Extracted records
╔══

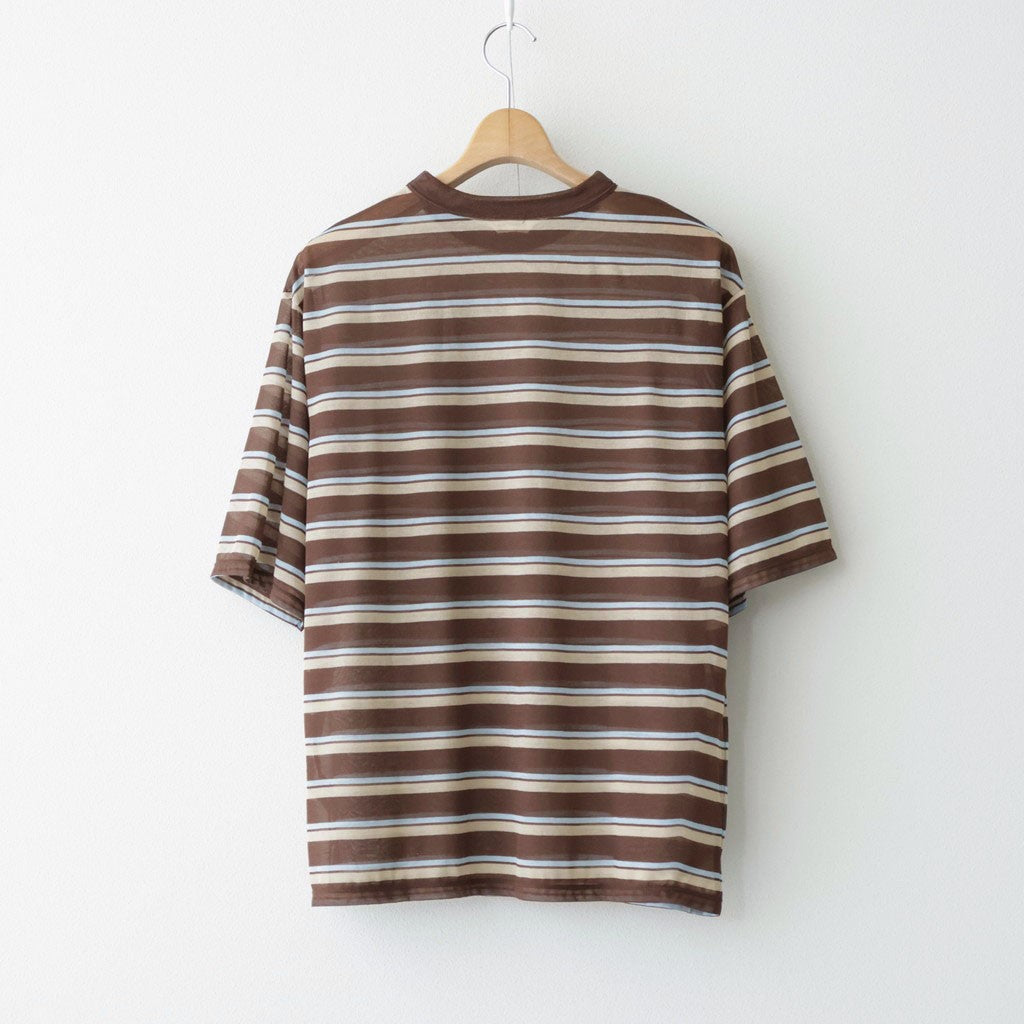 Sheer Border T-shirt #BRN [12610629]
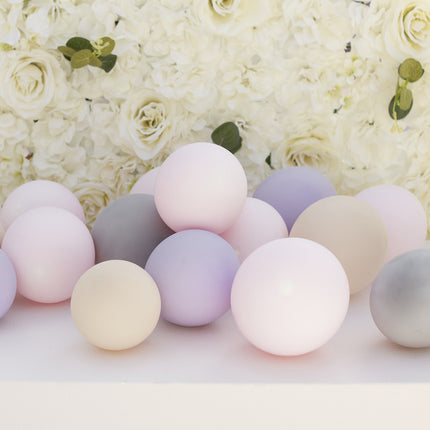 Globos Rosa Gris Lila 13cm 40pcs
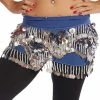 Miss Belly Dance Belly Dance Chiffon Trianglar Paillette Hip Scarf | RAISSAT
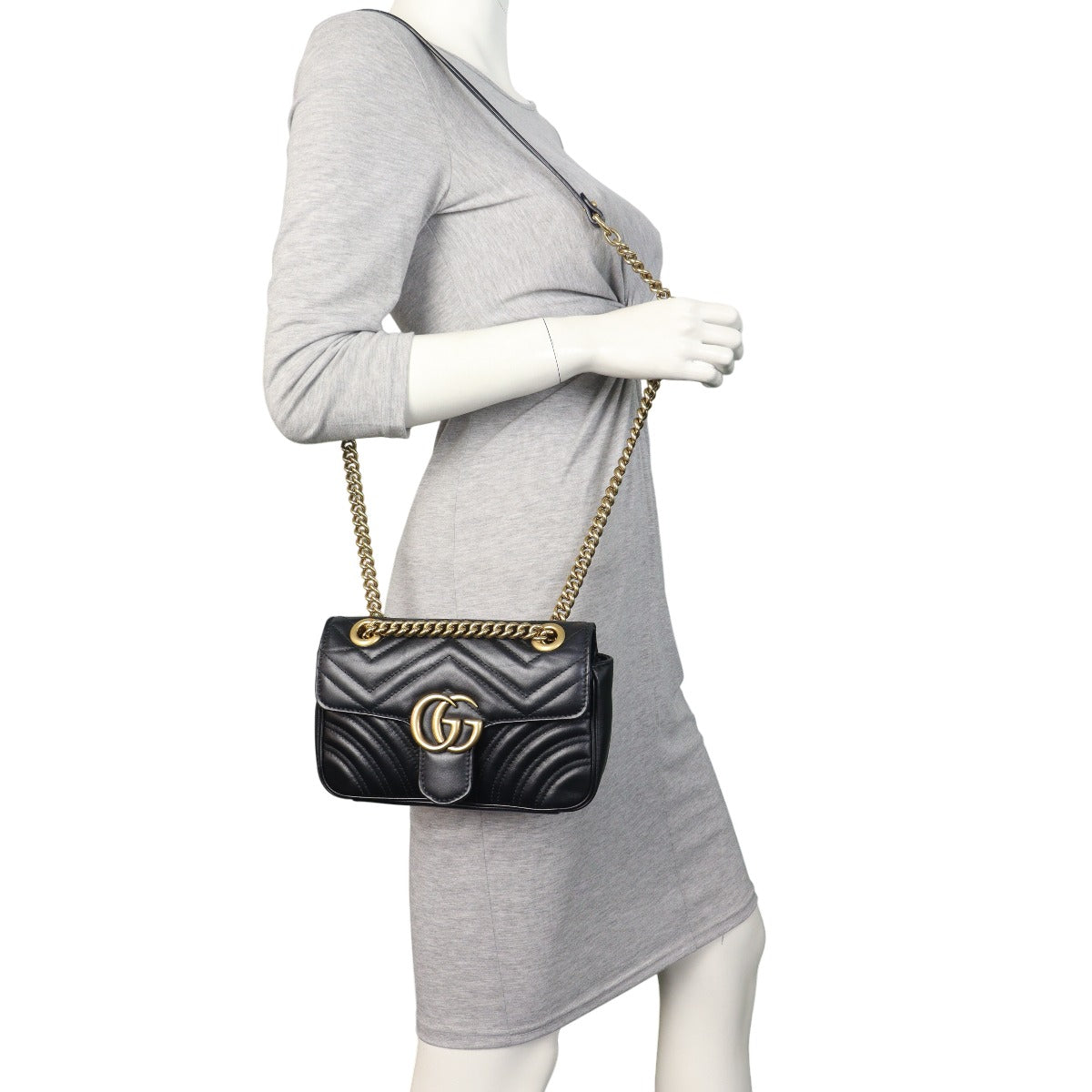 Gucci GG Marmont Matelasse Small Shoulder Bag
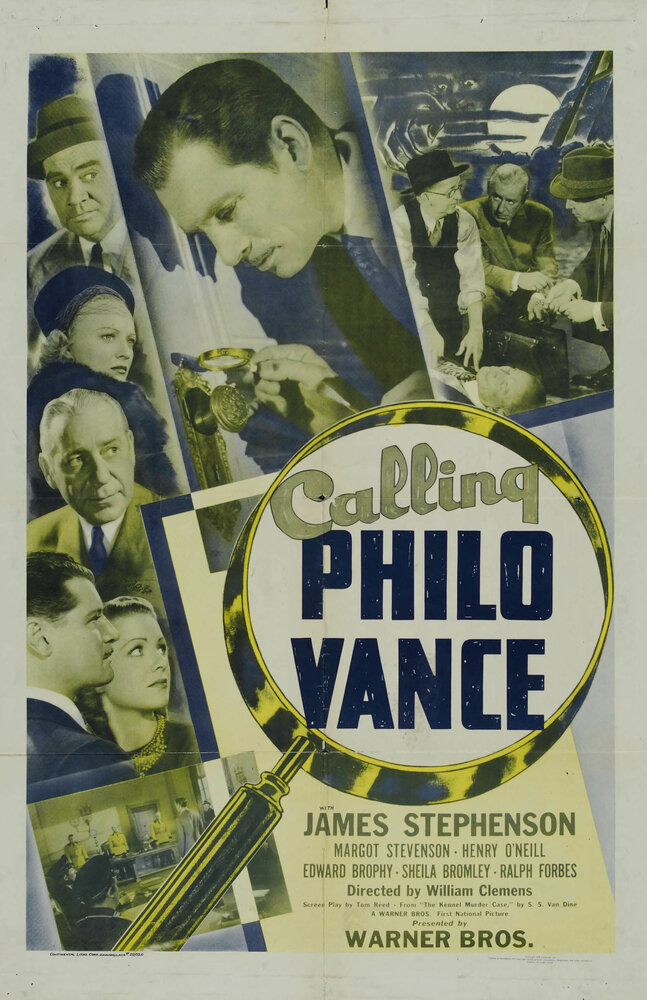 Вызвать Фило Ванса (1940) постер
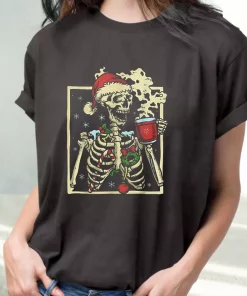 Dead Inside Skeleton Christmas T Shirt Xmas Design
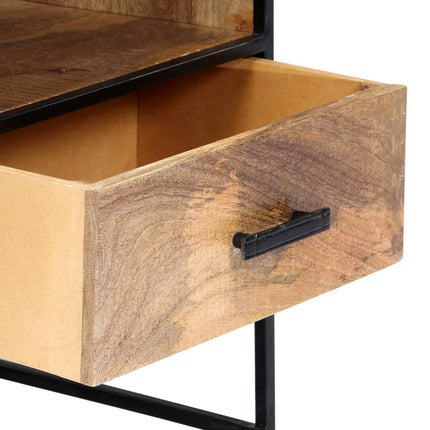 Table De Chevet 40X30X50 Cm Bois De Manguier Massif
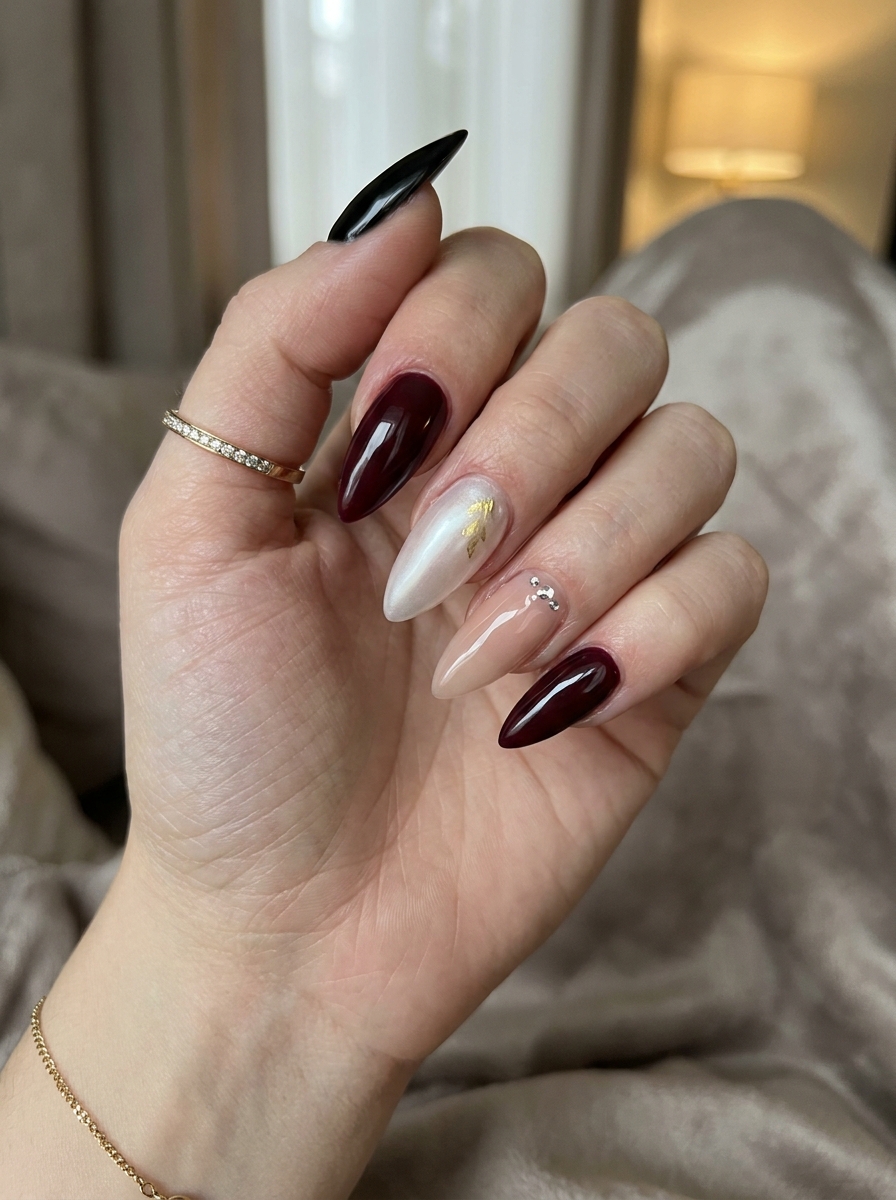 Elegant Glam Stiletto Nails als Stiletto Nägel Inspiration 2026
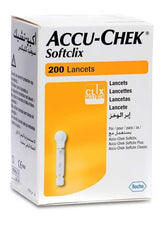 ACCU-CHEK Softclix sterile lancets 200 pack with easy-to-use design for blood sampling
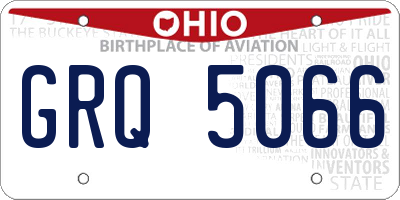 OH license plate GRQ5066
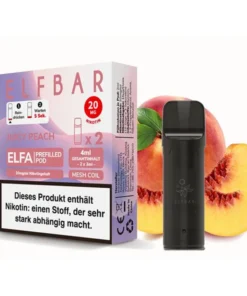 ELFBAR ELFA Prefilled Pod – Peach Ice – (Pfirsichsaft) – 20mg – 2er Set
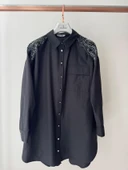 TAŞLI DANTELLİ GÖMLEK - 11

╚══

» **What the task requires**
Write every entry out again exactly, dropping the pictures.

» **Response to this task**
 Sheer Border T-shirt #BRN [12610629]
 Globos Rosa Gris Lila 13cm 40pcs
 Miss Belly Dance Belly Dance Chiffon Trianglar Paillette Hip Scarf | RAISSAT
 Gucci GG Marmont Matelasse Small Shoulder Bag
 Вызвать Фило Ванса (1940) постер
 Dead Inside Skeleton Christmas T Shirt Xmas Design
 Table De Chevet 40X30X50 Cm Bois De Manguier Massif
 Elegant Glam Stiletto Nails als Stiletto Nägel Inspiration 2026
 ACCU-CHEK Softclix sterile lancets 200 pack with easy-to-use design for blood sampling
 OH license plate GRQ5066
 ELFBAR ELFA Prefilled Pod – Peach Ice – (Pfirsichsaft) – 20mg – 2er Set
 TAŞLI DANTELLİ GÖMLEK - 11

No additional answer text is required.